All the files are genereated under directory /opt/oracle.SupportTools/onecommand/diagfiles/<date> where date is in the format YYYY_MM_DD.

Now the above data is humongous, you need to be methodical for yourself and for the Oracle Support while gathering and uploading that data, so that MOS doesn’t end up asking for the same data again and again and you dont end up uploading enormous amount of data again and again.

Begin with generating SR with My Oracle Support and mention to Oracle support that you are in the process of uploading the diagnostic files through ftp.
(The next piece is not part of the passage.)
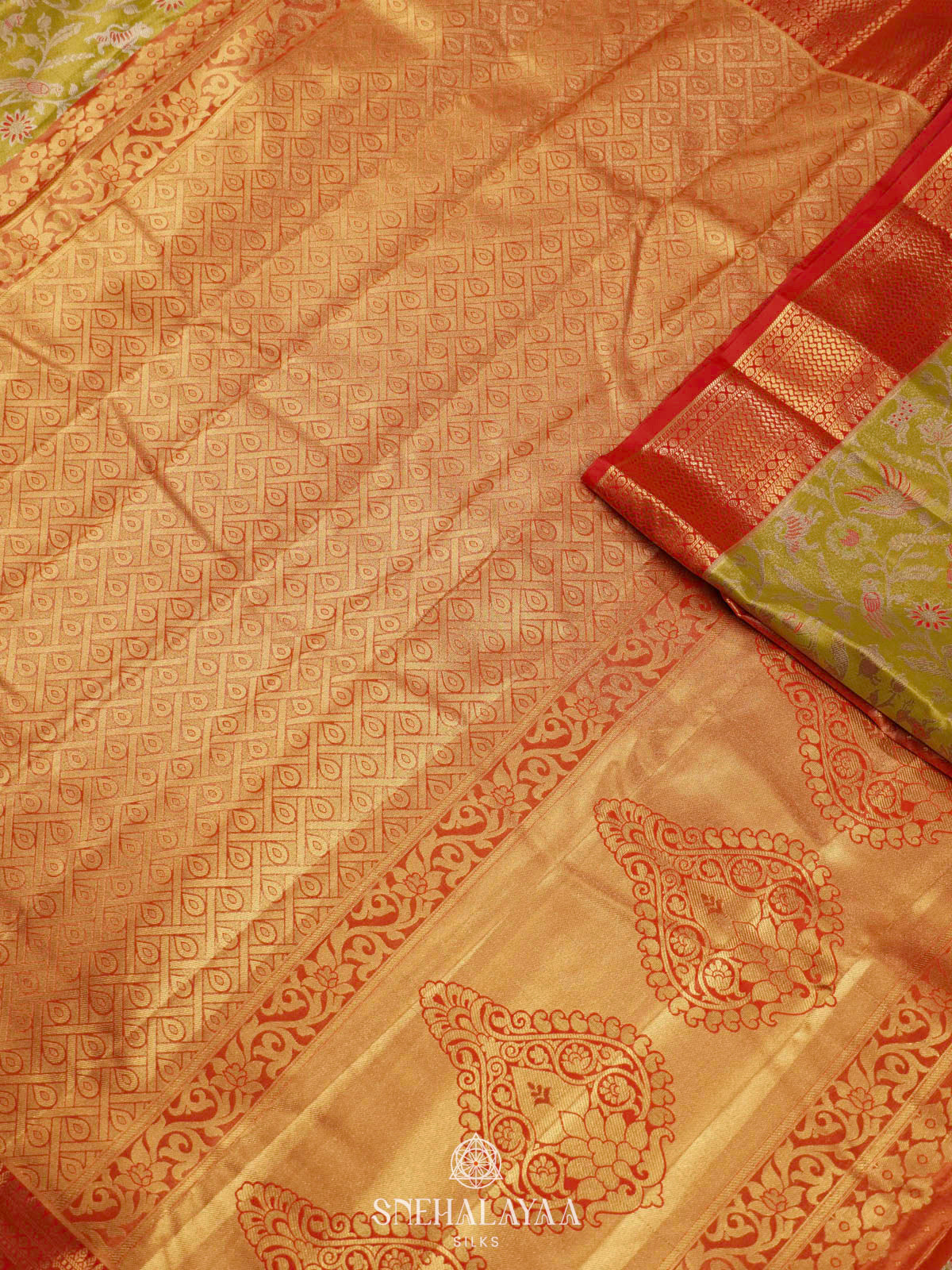 Yellow Art Silk Saree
  • Create a directory in /tmp directory of your database nodes and name that directory to today’s date e.g. July7_<SR Number>
  • For database node diagnostic data create a directory database under July7_<SR Number>.
  • In /tmp/July7_<SR Number>/database directory at your database node, just copy the diagnostic files mentioned above.
  • When you run the commands or scripts at the db nodes, you can also place them in a separate directory called as commands_output in /tmp/July7_<SR Number>/database.
  • For cell node diagnostic data create a directory cell under July7_<SR Number>.
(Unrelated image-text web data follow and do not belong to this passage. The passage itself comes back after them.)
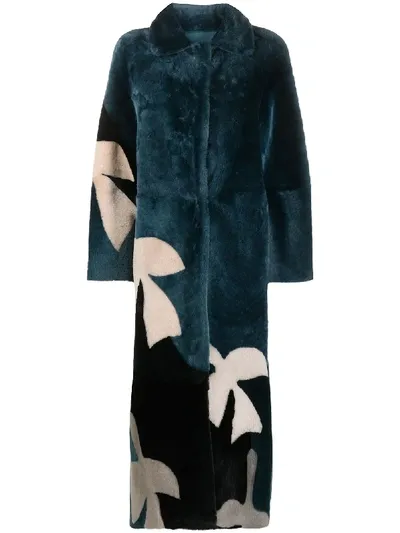 Liska Geometric Pattern Shearling Overcoat In Blue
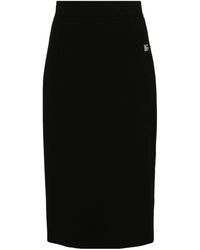 Dolce & Gabbana - Virgin Wool Pencil Midi Skirt - Lyst
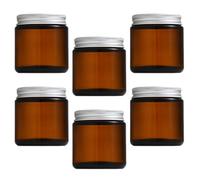SUPVOX Lot de 6 Pots Pots à Bougies en Verre Ambré 120g avec Couvercles en Alliage D'aluminium pour Bougies DIY Contenants Étanches pour Cire et Conservation la Cuisine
Now gather the information at each cell and compress that information using bzip and make sure to append the cell name with each gathered file or directory and then scp it to the first database node in /tmp/July7_<SR Number>/cell directory.

  • When you run the commands or scripts at the cell nodes, you should place them in a separate directory called as commands_output in /tmp/July7_<SR Number>/cell.
  • Now after gathering all the database and cell diagnostic information you have placed all the required information in the directory /tmp/July7_<SR Number>.
  • You have separated the cell and database data under one date.
  • Now you need to upload this all data through the ftp to ftp.oracle.com.
  • First tar and compress the collected information in background by doing:
    nohup tar cjf logs.tar.bz2 /tmp/July7_<SR Number>/* &
  • Now ftp the tarred and compressed file to ftp.oracle.com.
  • As the file gets uploaded, update the SR as what you have uploaded and where. Just paste the above hierarchy of files and MOS should be able to get it.
  • What you should do is get the SR number, create a directory with that SR number in /support/incoming directory at ftp.oracle.com.

Now MOS should remain busy with that amount of data for some days and if they ask for more, you just have to change the date and keep the structure the same.